- Origin: Leamington Spa, England
- Genres: Post-grunge, alternative rock, post-Britpop
- Years active: 1999–2006
- Labels: Sinnamon Records, Easy Street Music
- Past members: John Garrison Chris Pemberton Adrian Kelley Matt Parker Paul Possart Mark Walworth Tom Visser Mark Seabridge Pete Wilson Jimmy Lapworth

= Budapest (band) =

English post-grunge rock band

Budapest were a melancholic post-grunge rock band from Leamington Spa, England.

==History==
The band were formed in 1999 by John Garrison (vocals, guitar) with Adrian Kelley (bass), Mark Walworth (guitar), Paul Possart (drums), and Chris Pemberton (piano, keyboards). After recording the material for their first album, Too Blind to Hear, Walworth committed suicide. Although shocked by this event, the remaining members of the band (Walworth being replaced by lead guitar Matt Parker later on) carried on with the release of the album, in tribute to their deceased partner. It appeared in September 2002 in UK, and was released in the United States in March 2004.

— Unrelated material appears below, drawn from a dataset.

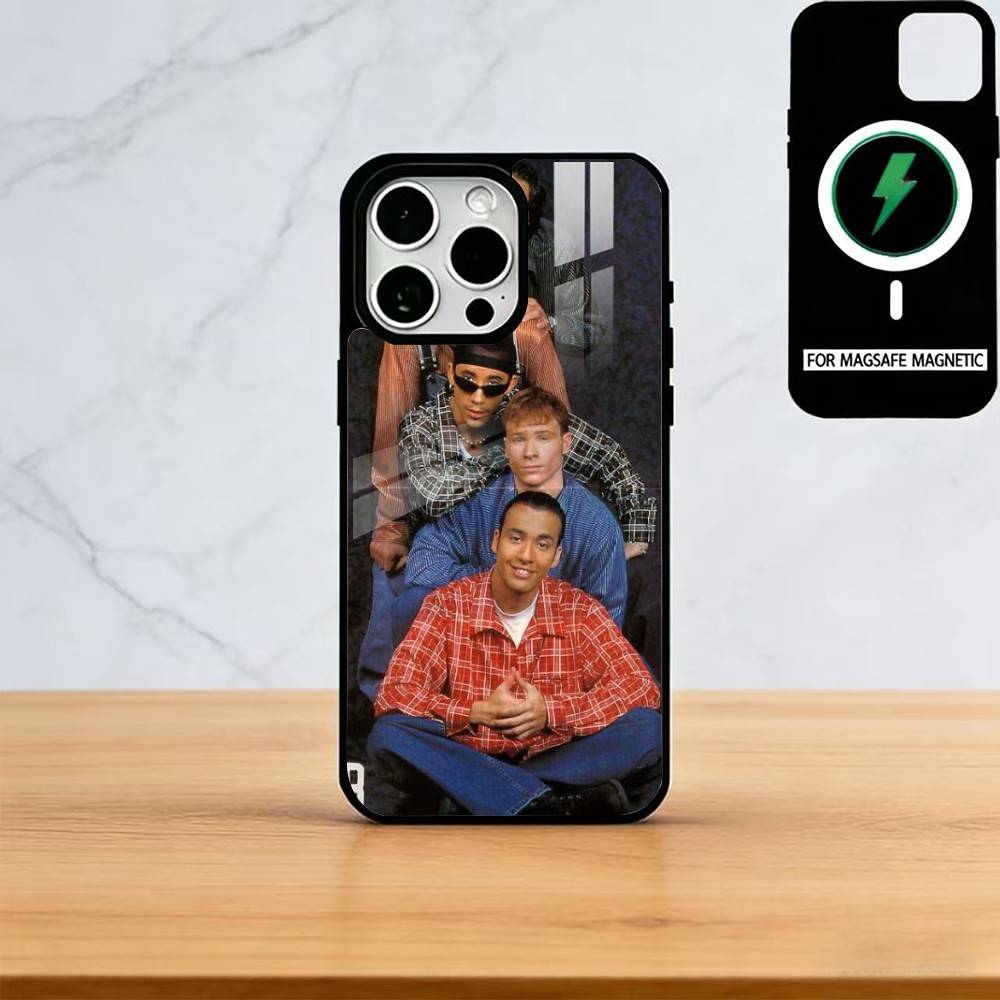 B-Backstreet Boys BSB Pouzdro na telefon Pro iPhone17,16,15,14,13,12,11 Plus,Pro Magnetické Pro Magsafe Bezdrátové nabíjení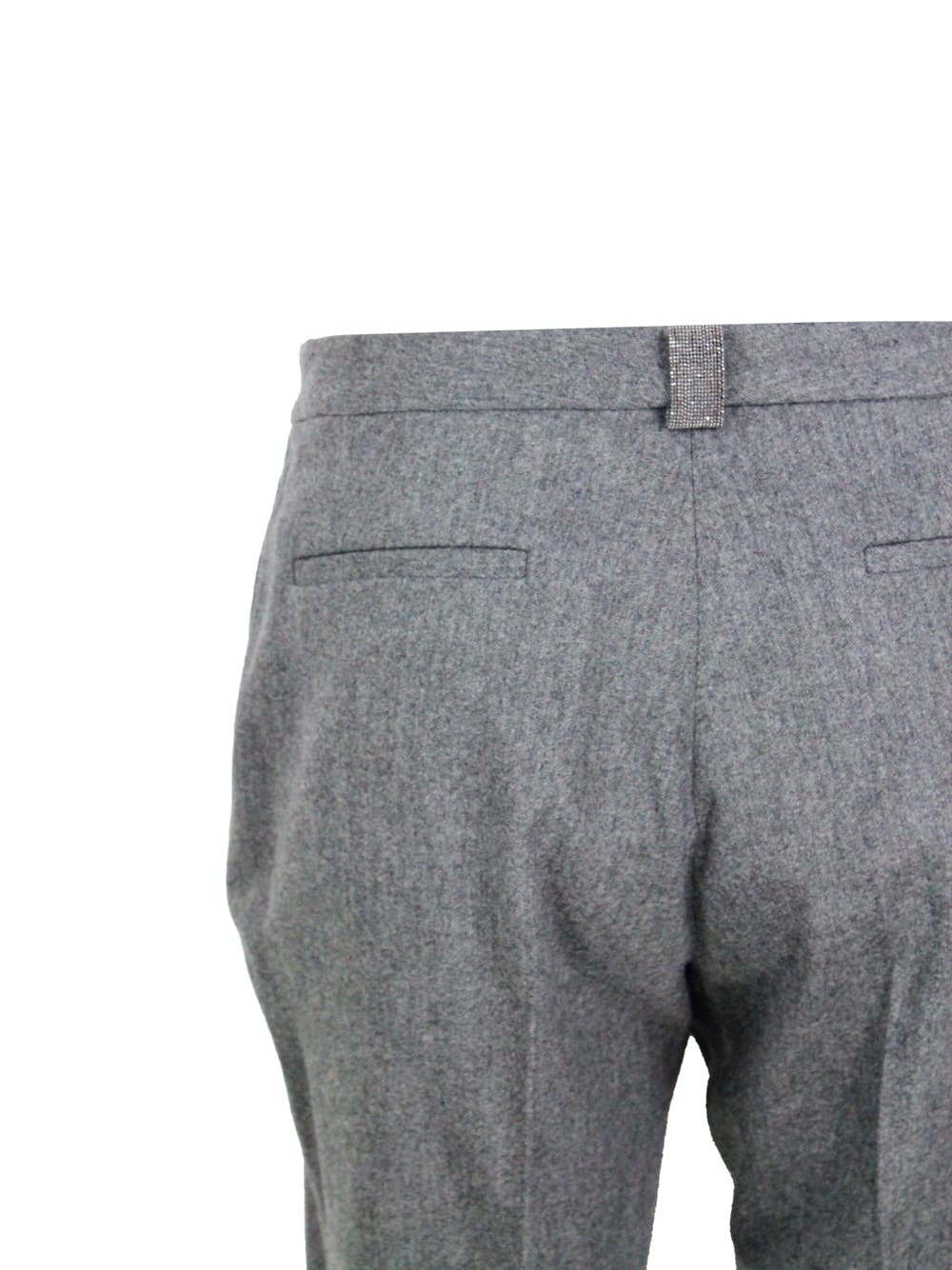 Fabiana Filippi Wool Blend Pants In Gray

In 2003, the band played themselves in the two-part UK TV drama Final Demand for BBC One. The movie featured English actress Tamzin Outhwaite.

In August 2003, the band played at Festival Internacional de Benicàssim in Spain.

The follow-up 2005 album, Head Towards The Dawn (on which Garrison and Pemberton were the only remaining band players), was released in Spain only.

The band announced its end in the later part of 2006.

After the demise of the band, John Garrison embarked on to a solo career; Chris Pemberton has been playing keyboards with John Grant.